Nails – Abandon All Life

‘It’s hard to believe a band can pack so much into a mere 17 minutes’ – MacDara Conroy on Nails‘ second album Abandon All Life

On first sight of Nails in a magazine spread a couple of years ago – capturing the quartet raging on stage, bassist John Gianelli showing his colours in a BL’AST! T-shirt – I knew this could be a band I’d get along with. So it was a bonus that the Californians’ debut album Unsilent Death was a dig in the gut of complacency in the scene, blasting through 10 tracks in less than 14 minutes – actually, more like one long song, like what the Minutemen did with their early records (there’s another SST reference for you) but with far more aggressive intent in their grinding attack. Unsilent Death expertly fused the formative grind of Napalm Death’s Scum (Side A to be exact) with the informed skill of modern practitioners like Rotten Sound, the filthy crunch of crust and the driving sonic barrage (minus the endearingly sloppy arrangements) of the powerviolence climate these Oxnard boys surely grew up in. Props to Southern Lord for picking up on what they were doing.

Come 2013 and Nails returned to the retail market a more road-seasoned prospect with the Obscene Humanity 7-inch, which filtered out the blastbeats for a bludgeoning hardcore experience that, while pleasingly close in sound and spirit to classic AmRep pigfuckery, wasn’t quite the same Nails. But for anyone who presumed that January release a taster for what was to come on their new album Abandon All Life (and I count myself in that cohort), the first blast of ‘In Exodus’ dispels any concerns of a change in direction too far. Alternately piercing, rumbling and hammering, it’s one hell of a calling card for a band with probably the most onomatopoeic name in heavy music.

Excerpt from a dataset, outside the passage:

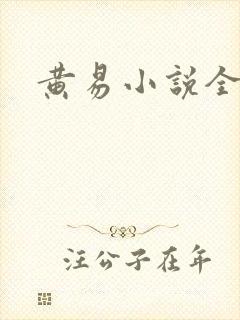 黄易小说全集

And heavy this most certainly is. Kurt Ballou’s back at the console and he wrangles these tracks into shape with a bristling metallic edge, his production here bringing a new boldness or clarity to each instrument in the mix. Other than that, the work is all Nails: the frantic pace, the heaving clouds of guitar and bass, the bone-shaking drums and Todd Jones’ polyp-inducing vocals. Again the tracks run into each other as a single 10-movement suite: ‘Tyrant’ slams the pedal down where ‘In Exodus’ leaves off, speeding through the rattling fury of ‘Absolute Control’ which in turn stumbles onto the D-beat/grind switch-up of ‘God’s Cold Hands’ that heralds the first breakdown, as the band get head-noddingly low on ‘Wide Open Wounds’.

The second half repeats the devastatingly effective formula: the title track shifts restlessly between crust-caked hardcore, noisy grind and what might be a nod to Incantation’s ‘Golgotha’; ‘No Surrender’ is a blastbeat tornado that drops into the single-minded hardcore muscle of ‘Pariah’. Then there’s time for one last flurry of grind with the 24-second ‘Cry Wolf’ before the comparatively epic closer ‘Suum Cuique’, where Nails’ misanthropic metal and doom influences shine through over five minutes of steam-hammer percussion and pneumatic drill riffage. It’s hard to believe a band can pack so much into a mere 17 minutes, but Nails have done it here.